In this page, we will solve the Subsets problem using three different approaches: brute force, hash table, and two-pointer technique. We will provide the implementation of the solution in JavaScript, TypeScript, Python, Java, C++, and more.

Problem Description

Given an integer array nums of unique elements, return all possible subsets (the power set).

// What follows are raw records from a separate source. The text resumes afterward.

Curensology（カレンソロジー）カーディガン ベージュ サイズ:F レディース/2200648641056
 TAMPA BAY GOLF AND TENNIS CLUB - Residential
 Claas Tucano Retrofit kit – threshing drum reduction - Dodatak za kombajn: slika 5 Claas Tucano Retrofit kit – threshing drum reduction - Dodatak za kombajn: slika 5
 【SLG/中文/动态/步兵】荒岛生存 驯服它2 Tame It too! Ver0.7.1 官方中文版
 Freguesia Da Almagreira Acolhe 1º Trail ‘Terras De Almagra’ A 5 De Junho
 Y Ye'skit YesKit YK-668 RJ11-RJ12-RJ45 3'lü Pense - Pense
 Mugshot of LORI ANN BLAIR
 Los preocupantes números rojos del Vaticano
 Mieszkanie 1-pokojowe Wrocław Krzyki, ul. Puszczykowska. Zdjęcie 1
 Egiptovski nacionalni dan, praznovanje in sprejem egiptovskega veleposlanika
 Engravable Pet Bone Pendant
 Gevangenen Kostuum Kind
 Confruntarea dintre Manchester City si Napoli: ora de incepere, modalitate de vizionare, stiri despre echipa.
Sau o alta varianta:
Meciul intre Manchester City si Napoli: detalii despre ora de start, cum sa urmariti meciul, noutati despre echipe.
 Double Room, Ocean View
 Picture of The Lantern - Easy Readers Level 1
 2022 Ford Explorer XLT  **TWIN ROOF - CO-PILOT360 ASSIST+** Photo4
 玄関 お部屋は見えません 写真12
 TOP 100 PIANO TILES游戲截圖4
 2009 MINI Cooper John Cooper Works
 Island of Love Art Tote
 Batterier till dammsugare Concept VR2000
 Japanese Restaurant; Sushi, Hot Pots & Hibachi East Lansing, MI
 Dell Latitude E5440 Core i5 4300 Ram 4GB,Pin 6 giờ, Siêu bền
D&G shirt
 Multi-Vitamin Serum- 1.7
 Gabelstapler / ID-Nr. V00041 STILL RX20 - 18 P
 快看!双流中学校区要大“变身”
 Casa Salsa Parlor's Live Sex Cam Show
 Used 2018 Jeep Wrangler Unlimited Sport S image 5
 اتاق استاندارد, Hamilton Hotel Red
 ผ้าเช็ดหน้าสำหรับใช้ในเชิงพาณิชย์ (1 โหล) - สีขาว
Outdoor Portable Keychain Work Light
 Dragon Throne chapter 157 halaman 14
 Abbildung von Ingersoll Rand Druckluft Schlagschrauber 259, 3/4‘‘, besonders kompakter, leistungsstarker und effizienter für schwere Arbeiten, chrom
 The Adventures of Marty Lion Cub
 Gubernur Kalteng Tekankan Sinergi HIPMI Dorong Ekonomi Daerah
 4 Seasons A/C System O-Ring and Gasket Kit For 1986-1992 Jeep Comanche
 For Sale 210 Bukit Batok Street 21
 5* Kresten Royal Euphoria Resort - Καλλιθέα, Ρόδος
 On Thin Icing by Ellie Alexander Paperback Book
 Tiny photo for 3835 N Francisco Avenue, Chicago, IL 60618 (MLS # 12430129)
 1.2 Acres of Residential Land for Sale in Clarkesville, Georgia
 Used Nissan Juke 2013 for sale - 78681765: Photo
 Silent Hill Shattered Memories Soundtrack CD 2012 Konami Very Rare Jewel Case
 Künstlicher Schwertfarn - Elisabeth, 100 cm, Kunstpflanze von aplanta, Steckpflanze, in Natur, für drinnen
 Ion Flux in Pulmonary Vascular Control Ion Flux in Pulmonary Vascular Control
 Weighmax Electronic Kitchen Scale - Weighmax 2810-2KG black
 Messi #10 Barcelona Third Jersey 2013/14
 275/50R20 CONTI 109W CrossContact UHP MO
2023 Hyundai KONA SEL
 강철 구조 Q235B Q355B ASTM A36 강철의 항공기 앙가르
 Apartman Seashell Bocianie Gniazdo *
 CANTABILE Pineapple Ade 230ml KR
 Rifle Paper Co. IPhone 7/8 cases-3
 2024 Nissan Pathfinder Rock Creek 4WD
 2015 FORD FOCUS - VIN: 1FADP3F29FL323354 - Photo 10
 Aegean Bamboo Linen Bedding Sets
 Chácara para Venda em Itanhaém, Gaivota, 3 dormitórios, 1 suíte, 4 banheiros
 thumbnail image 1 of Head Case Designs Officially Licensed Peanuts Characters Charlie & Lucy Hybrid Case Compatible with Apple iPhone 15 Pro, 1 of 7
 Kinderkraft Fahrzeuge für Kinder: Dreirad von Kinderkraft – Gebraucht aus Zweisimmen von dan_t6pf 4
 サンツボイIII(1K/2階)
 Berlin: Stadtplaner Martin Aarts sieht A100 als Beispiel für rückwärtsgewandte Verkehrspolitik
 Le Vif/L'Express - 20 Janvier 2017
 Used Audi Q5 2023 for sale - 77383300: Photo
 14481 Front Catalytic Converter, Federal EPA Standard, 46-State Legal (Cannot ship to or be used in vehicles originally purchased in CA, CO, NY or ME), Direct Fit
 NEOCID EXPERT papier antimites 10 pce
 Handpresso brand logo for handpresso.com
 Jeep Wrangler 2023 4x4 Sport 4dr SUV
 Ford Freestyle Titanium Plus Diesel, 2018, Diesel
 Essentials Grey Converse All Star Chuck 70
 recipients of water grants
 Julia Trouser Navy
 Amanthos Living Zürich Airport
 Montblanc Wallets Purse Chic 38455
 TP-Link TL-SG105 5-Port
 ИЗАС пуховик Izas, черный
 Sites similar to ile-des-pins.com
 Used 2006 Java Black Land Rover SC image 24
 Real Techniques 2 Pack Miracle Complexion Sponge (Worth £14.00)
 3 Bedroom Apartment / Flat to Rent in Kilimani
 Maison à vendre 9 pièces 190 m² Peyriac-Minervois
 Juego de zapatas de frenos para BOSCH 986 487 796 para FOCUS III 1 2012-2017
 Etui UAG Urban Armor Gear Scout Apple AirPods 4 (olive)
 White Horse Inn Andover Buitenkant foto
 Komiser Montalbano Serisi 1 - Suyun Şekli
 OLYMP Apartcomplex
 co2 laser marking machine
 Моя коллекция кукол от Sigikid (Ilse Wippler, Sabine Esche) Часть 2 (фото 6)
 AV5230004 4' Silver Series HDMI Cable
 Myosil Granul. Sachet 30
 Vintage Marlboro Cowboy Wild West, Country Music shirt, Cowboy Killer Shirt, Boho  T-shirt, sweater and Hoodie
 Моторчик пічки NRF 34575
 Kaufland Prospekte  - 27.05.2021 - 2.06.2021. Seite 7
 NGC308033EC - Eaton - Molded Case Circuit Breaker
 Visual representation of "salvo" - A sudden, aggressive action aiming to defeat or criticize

The solution set must not contain duplicate subsets. Return the solution in any order.

Examples

Example 1:

Input: nums = [1,2,3]
Output: [[],[1],[2],[1,2],[3],[1,3],[2,3],[1,2,3]]

Example 2:

Input: nums = [0]
Output: [[],[0]]

Constraints

  • 1 <= nums.length <= 10
  • -10 <= nums[i] <= 10
  • All the numbers of nums are unique.

Solution for Subsets Problem

Intuition and Approach

The Subsets problem asks us to generate all possible subsets of a given set of unique integers. This involves considering every possible combination of elements, including the empty set and the set itself. The total number of subsets for a set with 𝑛 elements is 2n2^n.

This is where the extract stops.